There’s a real joy and playfulness in Amplified’s grooves, the giddiness of exploring possibilities. As disappointing as it is to hear Q-Tip rhyme about Prada, banging bush and battling weak MCs, there’s no denying the seductiveness of the tracks, the shine in his voice (one of the sexiest in hip-hop). But the balance of elements is off. Though he’s clearly having a good time in the videos and on the CD, he’s been awful in live performances (The Chris Rock Show, the Grammys), detached from his own material and deeply ill at ease — he seems as suspicious of his new image as fans are. That makes the trappings — the fur coats, the video ho’s — seem even more garish, even more fraudulent. He doesn’t own them.

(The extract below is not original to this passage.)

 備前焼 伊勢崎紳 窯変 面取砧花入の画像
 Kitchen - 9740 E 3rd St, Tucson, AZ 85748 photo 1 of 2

It’s ironic: On the CD, Q-Tip’s in complete command of this ghetto-fab party mode; he makes it seem completely natural. But he gives himself away when it comes time to hawk the stuff. Watching him in public appearances or reading recent interviews is to glimpse a man who’s clearly going through some shit that’s deeper and darker than the rhymes he spits on his latest record. (And tabloid reports of trouble on the set of his upcoming movie, along with his recent run-ins with the law, seem to bear that out.)


Like D’Angelo, Q-Tip was trying to fuck with his image, to dismantle the armor of iconic status by coming out with music and a video that turned his artistic history on its head. He wanted to carve out wiggle room between the quotation marks, but got slammed instead.


D’Angelo’s Voodoo, similarly, was meant to deflate, meet and exceed expectations all at once, but D’Angelo dived deeper into his shit to achieve that goal. D’Angelo’s video discomfort reads as the tremble of someone who is literally and figuratively nude, who has stripped away the accouterments that Q-Tip has pulled on. His unease, finally, comes across as an honesty that underscores his musical message rather than negates it. Tellingly, his
concerts in support of Voodoo have been nothing short of spectacular. His command of both his material and the stage bespeak a man who got the balance right, who can shirk the contrived image but stand confidently behind the content of his music.


Where Voodoo initially seems rather slight, repeated listens reveal its heft, and black pride is at its core. Formless jams slowly take shape; distinct but subtle melodies rise from the morass of mumbled words and funk-based grooves. “Devil’s Pie” explicitly decries the materialism and shallowness that Q-Tip is trying so hard to wallow in, while tracks like “One Mo’ Gin,” “The Root” and a cover of Roberta Flack’s “Feel Like Makin’ Love” are the sensuous workouts we used to routinely get from Prince. The craftsmanship of the album, from the production to the songwriting to the singing, marks D’Angelo as one of the very few chart-topping R&B acts clearly serious about the music.


You can hear in D’Angelo’s voice that he’s connected to something higher, something grander. He took an ice pick to his former persona in order to get closer to that thing, to bring fans along with him. The beefcake poses and softcore video were his tools; ultimately, they didn’t require him to fake himself out.


 


D’Angelo appears at Universal Amphitheater, Friday–Saturday, April 7-8.